登録ユーザーについても同様ですが、コメントすることもできます。

$acl->isAllowed('registered', 'article', 'view'); // true
$acl->isAllowed('registered', 'comment', 'add'); // true
$acl->isAllowed('registered', 'comment', 'edit'); // false

管理者は、投票を除いてすべてを編集できます。

$acl->isAllowed('admin', 'poll', 'vote'); // true
$acl->isAllowed('admin', 'poll', 'edit'); // false
$acl->isAllowed('admin', 'comment', 'edit'); // true

権限は動的に評価することもでき、決定を独自のコールバックに任せることができます。
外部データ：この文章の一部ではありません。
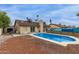 Backyard pool with an adjacent patio provides an outdoor living space for relaxation and recreation at 702 W Sequoia Dr, Phoenix, AZ 85027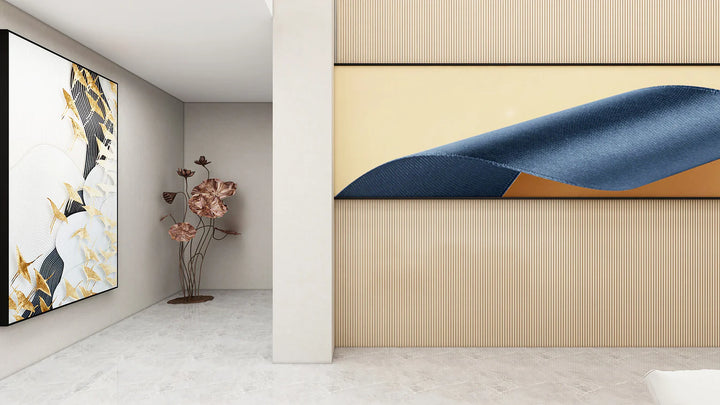 A modern interior with light walls and floors features a large abstract artwork on the left, a decorative metal flower sculpture in the corner, and another abstract piece mounted on a 3D Interior Wall Panel.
このコールバックにはすべてのパラメータが渡されます。

$assertion = function (Permission $acl, string $role, string $resource, string $privilege): bool {
	return /* ... */;
};

$acl->allow('registered', 'comment', null, $assertion);

しかし、たとえばロールとリソースの名前だけでは不十分で、たとえばロール registered は、自分が作成者である場合にのみリソース article を編集できると定義したい場合はどうすればよいでしょうか？文字列の代わりにオブジェクトを使用します。ロールは Nette\Security\Role オブジェクト、リソースは Nette\Security\Resource オブジェクトになります。それらのメソッド getRoleId() と getResourceId() は、元の文字列を返します。

class Registered implements Nette\Security\Role
{
	public $id;

	public function getRoleId(): string
	{
		return 'registered';
	}
}


class Article implements Nette\Security\Resource
{
	public $authorId;

	public function getResourceId(): string
	{
		return 'article';
	}
}

そして今、ルールを作成します。

$assertion = function (Permission $acl, string $role, string $resource, string $privilege): bool {
	$role = $acl->getQueriedRole(); // Registered オブジェクト
	$resource = $acl->getQueriedResource(); // Article オブジェクト
	return $role->id === $resource->authorId;
};

$acl->allow('registered', 'article', 'edit', $assertion);

そして、ACL へのクエリはオブジェクトを渡すことによって実行されます。

$user = new Registered(/* ... */);
$article = new Article(/* ... */);
$acl->isAllowed($user, $article, 'edit');

ロールは、別のロールまたは複数のロールから継承できます。しかし、一方の祖先がアクションを禁止され、もう一方の祖先が許可されている場合はどうなるでしょうか？子孫の権限はどうなりますか？これはロールの重みによって決定されます – 祖先のリストで最後にリストされたロールが最も重みが高く、最初にリストされたロールが最も重みが低くなります。例からより明確になります。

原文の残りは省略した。